A Trace is the full flow of a single request, identified by trace_id.

trace_id: abc123...
|- Span A (root)
|- Span B (child of A)
|- Span C (child of B)
|- Span D (child of A)

2.2 Span

A Span is one unit of work in a trace.

Required fields:

  • span_id: unique ID
  • trace_id: parent trace
  • parent_span_id: parent span (none means root)
  • name: operation name (e.g., HTTP GET /users)
  • start_time, end_time
  • status: OK / ERROR
  • attributes: key-value metadata

Optional: events, links, kind (SERVER/CLIENT/PRODUCER/CONSUMER/INTERNAL).

2.3 Span Example

{
  "trace_id": "abc123def456...",
  "span_id": "789xyz...",
  "parent_span_id": "456abc...",
  "name": "GET /api/users/123",
  "start_time": "2025-04-15T10:00:00.000Z",
  "end_time": "2025-04-15T10:00:00.150Z",
  "duration_ms": 150,
  "status": { "code": "OK" },
  "attributes": {
    "http.method": "GET",
    "http.url": "/api/users/123",
    "http.status_code": 200,
    "user.id": "123",
    "db.query.count": 3
  },
  "events": [
    { "name": "cache_miss", "timestamp": "2025-04-15T10:00:00.020Z" }
  ]
}

2.4 Context Propagation

How does trace context travel across services?

W3C Trace Context standard headers:

GET /api/users/123 HTTP/1.1
traceparent: 00-0af7651916cd43dd8448eb211c80319c-b7ad6b7169203331-01
tracestate: rojo=00f067aa0ba902b7,congo=t61rcWkgMzE

traceparent format: version-trace_id-parent_span_id-trace_flags.
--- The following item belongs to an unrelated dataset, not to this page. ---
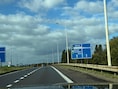 Auto belandt op dak op aansluiting Ring met A12: twee gewonden, weg richting Brussel tijdlang versperd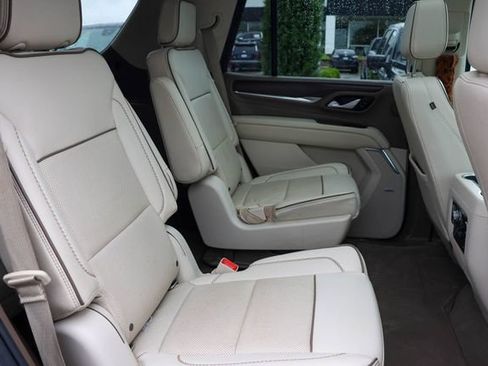 Used 2022 GMC Yukon Denali w/ Denali Premium Package AWD/4WD image 22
The next service reads this header, creates a new span, and links it to the same trace_id.


3. OpenTelemetry — Standardization Wins

3.1 What is OTel?

OTel is CNCF's observability project unifying traces, metrics, and logs.

History:

  • 2015: Google releases OpenCensus
  • 2016: Uber/Lightstep release OpenTracing
  • 2019: The two projects merge into OpenTelemetry
  • 2021: CNCF Incubating
  • 2024: Trace/Metric GA (Stable)

3.2 Why OTel Won

  1. Vendor-neutral: code uses only OTel API; backend can be Jaeger, Tempo, Datadog, New Relic, etc.
  2. All languages: Go, Java, Python, JS, C#, Ruby, PHP, Rust, Swift...
  3. Auto-instrumentation: Java agent, Python decorators etc. trace without code changes.
  4. Single standard: previously each vendor had its own SDK; now OTel is universal.

3.3 Architecture

[Application]
   | (OTel SDK)
[Spans/Metrics/Logs]
   | (OTLP)
[OpenTelemetry Collector]
   | (export)
[Jaeger / Tempo / Datadog / ...]

OTel Collector receives, transforms, and exports data to multiple backends.

3.4 Node.js Example

const { NodeSDK } = require('@opentelemetry/sdk-node')
const { OTLPTraceExporter } = require('@opentelemetry/exporter-trace-otlp-http')
const { getNodeAutoInstrumentations } = require('@opentelemetry/auto-instrumentations-node')

const sdk = new NodeSDK({
  serviceName: 'my-service',
  traceExporter: new OTLPTraceExporter({
    url: 'http://localhost:4318/v1/traces'
  }),
  instrumentations: [getNodeAutoInstrumentations()]
})

sdk.start()
// HTTP, Express, MongoDB now auto-traced

3.5 Manual Span

const { trace } = require('@opentelemetry/api')
const tracer = trace.getTracer('my-service')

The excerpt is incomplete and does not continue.